Well, first, we need insights into how humans have induced and/or will  in the future induce climate change (absent any policy change or other human response – e.g. via market forces). The first part of that is an economic model. All models of human-induced climate change include, at their core, economic models – otherwise how would we forecast the human contribution without a model of how much output there will be, how much energy will be used in producing that output, and so on. Who, out of Lord Lawson, former Chancellor the Exchequer and before that the Chief Secretary to the Treasury and before becoming an MP for many years an economics writer, and a climate scientist, do you suppose might have the more relevant expertise in the assessment of economic models or forecasts for the future of the economy?

Maybe some climate modellers do in fact have knowledge of the relevant economic models, but many others will actually be experts in the physics of the atmosphere and related matters. Normally, Lord Lawson will have the advantage here.

Next, we need a model of how carbon emissions will affect the climate (absent any automatic equilibrating mechanisms of the earth responding to carbon emissions). On this the climate scientist will clearly have the advantage.
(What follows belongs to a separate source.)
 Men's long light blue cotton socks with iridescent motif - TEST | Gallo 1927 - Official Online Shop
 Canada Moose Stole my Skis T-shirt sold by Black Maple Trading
But then again, Lord Lawson is most unlikely to disagree with the climate scientist about anything to do with this, since the science on this point is pretty much undisputed by anyone sensible (and certainly not disputed by Lord Lawson).
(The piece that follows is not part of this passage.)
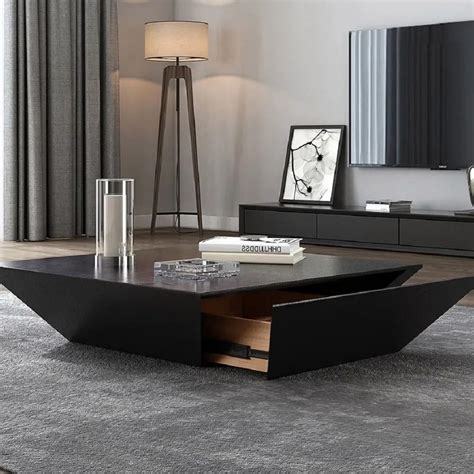 Modern Black Coffee Table With Storage Square Drum Coffee Table With 1 Drawer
Third, we need a model of how the earth might respond to changes in CO2 or other greenhouse gases. This is a point on which the climate scientist will undoubtedly have more direct expertise than Lord Lawson. It is also the non-human aspect of the issue that climate science understands the least. For example, see this transcript of the American Physical Society climate change statement review workshop of January this year. The very limited increase in global surface temperatures over the past fifteen years now goes well beyond anything that could be written off as “noise” in climate change models – it simply wasn’t initially predicted.

It obviously in no way follows that climate change is not real or not human-induced. But what does follow is that our models of how the earth responds to increased CO2 could be improved materially. Some researchers have been seeking to explain the current hiatus for a number of years, but the conclusion a number of perfectly respectable mainstream scientists draw is, as per the American Physical Society workshop transcript (p105): errors in current models “raise serious questions about the ability to simulate processes and feedbacks that are temperature dependent“. So, to be sure, the climate scientist will probably understand more about the detailed drawbacks of such models than Lord Lawson does, but it is a hotly debated topic (genuinely hotly debated, not 99pc vs 1pc) with each climate scientist having her own pet theory and no consensus at this time. Let’s score this one to the scientist.
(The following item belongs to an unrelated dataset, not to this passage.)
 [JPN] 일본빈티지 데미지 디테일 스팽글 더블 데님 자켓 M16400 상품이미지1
Since government policy interventions only become an issue if market processes or other forms of natural ingenuity would not address climate change automatically, the next element we need is a view about how market processes and ingenuity might respond to climate change. That’s obviously again an economics question, on which Lord Lawson will be fairly expert and most climate scientists almost nowhere. […]

So, overall, I agree. Given that how, if at all, we should respond to climate change is a matter of economics and political judgement, not (emphatically not) atmospheric physics (for nothing whatever follows from any climate change model about what policy should be adopted in response to its findings), I entirely agree that when Lord Lawson debates climate change policy with climate scientists there is only one person there with relevant expertise and the other party is, at best, a semi-informed amateur. The relevant expert is Lord Lawson.

The sooner people grasp that climate change policy is not a scientific question, the sooner our debate on this matter will become a whole lot more rational and balanced.